竹中工務店は、火災発生時にも、安全な区画のエレベーターを稼働させ、歩行困難者などの避難に使用できる火災時避難計画を立案し、沖縄県浦添市の大型ショッピングセンター「サンエー浦添西海岸 PARCO CITY」に初導入した。
竹中工務店は、国内初となるエレベーターを利用した火災時避難計画を立て、沖縄県浦添市の大型ショッピングセンター「サンエー浦添西海岸 PARCO CITY」に初導入した。
従来の昇降機火災管制制御は、火災発生時に建物内の全エレベーターが避難階で強制的に停まり、機能を停止する方法だったため、エレベーター停止後の避難は階段を用いるしかなく、歩行困難者は避難することができなかった。そこで、2019年6月にオープンしたサンエー浦添西海岸 PARCO CITYでは、事業者であるサンエーパルコとエレベーターメーカーの三菱電機と連携し、国内初の火災時におけるエレベーター避難利用を計画して整備した。
計画では、火災が発生した防火区画と、万一に備えてその隣接区画のエレベーターは停止するが、火災と関係のない区画は発電機から耐火ケーブルを伝って電源を供給し、エレベーターの稼働を続け、歩行困難者でも避難することが可能になる。火災が広がる場合は、随時、該当箇所のエレベーターを停止していく。また、防火区画ごとに消防活動拠点を設け、加圧給気による拠点の安全確保も行う。
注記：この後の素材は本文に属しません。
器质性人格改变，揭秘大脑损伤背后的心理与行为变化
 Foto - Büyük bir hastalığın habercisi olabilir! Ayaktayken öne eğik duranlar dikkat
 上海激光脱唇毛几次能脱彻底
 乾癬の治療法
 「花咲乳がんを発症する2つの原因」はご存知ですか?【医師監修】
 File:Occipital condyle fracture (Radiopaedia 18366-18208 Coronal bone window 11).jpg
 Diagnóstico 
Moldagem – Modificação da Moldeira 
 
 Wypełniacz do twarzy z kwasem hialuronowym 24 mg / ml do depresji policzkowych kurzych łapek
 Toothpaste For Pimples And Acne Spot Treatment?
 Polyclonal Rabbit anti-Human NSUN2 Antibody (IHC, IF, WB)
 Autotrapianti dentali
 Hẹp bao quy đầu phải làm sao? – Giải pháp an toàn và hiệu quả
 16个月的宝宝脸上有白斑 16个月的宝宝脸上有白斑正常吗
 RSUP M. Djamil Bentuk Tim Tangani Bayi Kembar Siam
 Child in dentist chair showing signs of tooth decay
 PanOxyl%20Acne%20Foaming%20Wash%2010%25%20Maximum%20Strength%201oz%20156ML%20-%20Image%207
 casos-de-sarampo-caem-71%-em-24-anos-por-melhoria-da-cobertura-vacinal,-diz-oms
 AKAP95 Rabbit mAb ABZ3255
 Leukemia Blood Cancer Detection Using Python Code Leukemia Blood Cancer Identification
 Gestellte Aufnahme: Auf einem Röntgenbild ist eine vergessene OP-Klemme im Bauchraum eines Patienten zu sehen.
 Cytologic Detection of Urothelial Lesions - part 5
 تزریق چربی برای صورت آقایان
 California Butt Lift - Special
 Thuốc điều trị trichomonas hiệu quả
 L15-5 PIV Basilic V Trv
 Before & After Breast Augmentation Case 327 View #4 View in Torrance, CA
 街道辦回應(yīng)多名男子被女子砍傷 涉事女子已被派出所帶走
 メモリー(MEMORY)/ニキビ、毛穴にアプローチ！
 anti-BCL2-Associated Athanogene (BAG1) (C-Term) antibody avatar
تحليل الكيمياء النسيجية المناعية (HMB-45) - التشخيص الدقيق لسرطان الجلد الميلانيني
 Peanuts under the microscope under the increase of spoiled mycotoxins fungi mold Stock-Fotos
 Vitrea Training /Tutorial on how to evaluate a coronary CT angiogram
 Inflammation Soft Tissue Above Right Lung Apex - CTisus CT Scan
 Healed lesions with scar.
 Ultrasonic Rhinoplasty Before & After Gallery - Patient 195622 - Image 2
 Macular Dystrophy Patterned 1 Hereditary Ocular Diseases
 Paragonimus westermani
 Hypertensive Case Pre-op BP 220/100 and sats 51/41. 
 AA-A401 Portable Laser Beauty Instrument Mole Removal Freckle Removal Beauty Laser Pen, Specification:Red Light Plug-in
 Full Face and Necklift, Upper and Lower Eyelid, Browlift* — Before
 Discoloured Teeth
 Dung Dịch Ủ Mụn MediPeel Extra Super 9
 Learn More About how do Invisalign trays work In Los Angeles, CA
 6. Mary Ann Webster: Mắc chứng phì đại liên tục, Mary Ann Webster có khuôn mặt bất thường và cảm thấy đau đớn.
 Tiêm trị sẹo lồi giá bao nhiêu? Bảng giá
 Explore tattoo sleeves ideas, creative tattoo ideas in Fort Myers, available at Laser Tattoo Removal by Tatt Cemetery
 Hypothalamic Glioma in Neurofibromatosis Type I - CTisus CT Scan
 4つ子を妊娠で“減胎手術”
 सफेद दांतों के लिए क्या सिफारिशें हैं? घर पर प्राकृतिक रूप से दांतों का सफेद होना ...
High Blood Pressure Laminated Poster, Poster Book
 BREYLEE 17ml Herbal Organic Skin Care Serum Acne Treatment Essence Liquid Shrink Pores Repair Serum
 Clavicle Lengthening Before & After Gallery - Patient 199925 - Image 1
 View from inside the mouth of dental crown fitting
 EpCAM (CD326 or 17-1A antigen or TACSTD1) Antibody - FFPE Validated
サンエー浦添西海岸 PARCO CITYは、地上6階建て、延べ床面積が22万4021.71平方メートルの大規模商業施設。火災が発生しても影響を受けないエリアも広く存在するため、エレベーターを継続利用させることは避難計画の上で非常に有効となる。今回の火災時避難計画の導入により、高齢者や子供、体の不自由な人のスムーズな避難が実現し、全ての施設利用者が円滑に避難できる体制が構築された。
2013年10月に東京消防庁は、「高層建築物における歩行困難者等に係る避難安全対策」を発行し、高層建築物の非常用エレベーターに限り、火災時の避難利用を許可している。しかし建物の大多数を占める中・低層の乗用エレベーターについては、火災時の避難利用を実施した事例はないという。竹中工務店は、エレベーターの避難利用計画を全国の大規模な中・低層建物にも水平展開していき、社会的ニーズであるユニバーサルデザインにマッチした施設づくりに貢献していく方針を打ち出している。
サンエー浦添西海岸 PARCO CITYは、建築設計を国建、構造設計・設備設計を竹中工務店が担当し、施工は竹中工務店・國場組・大城組・大米建設から成るJVが手掛けた。工期は2017年7月〜2019年4月。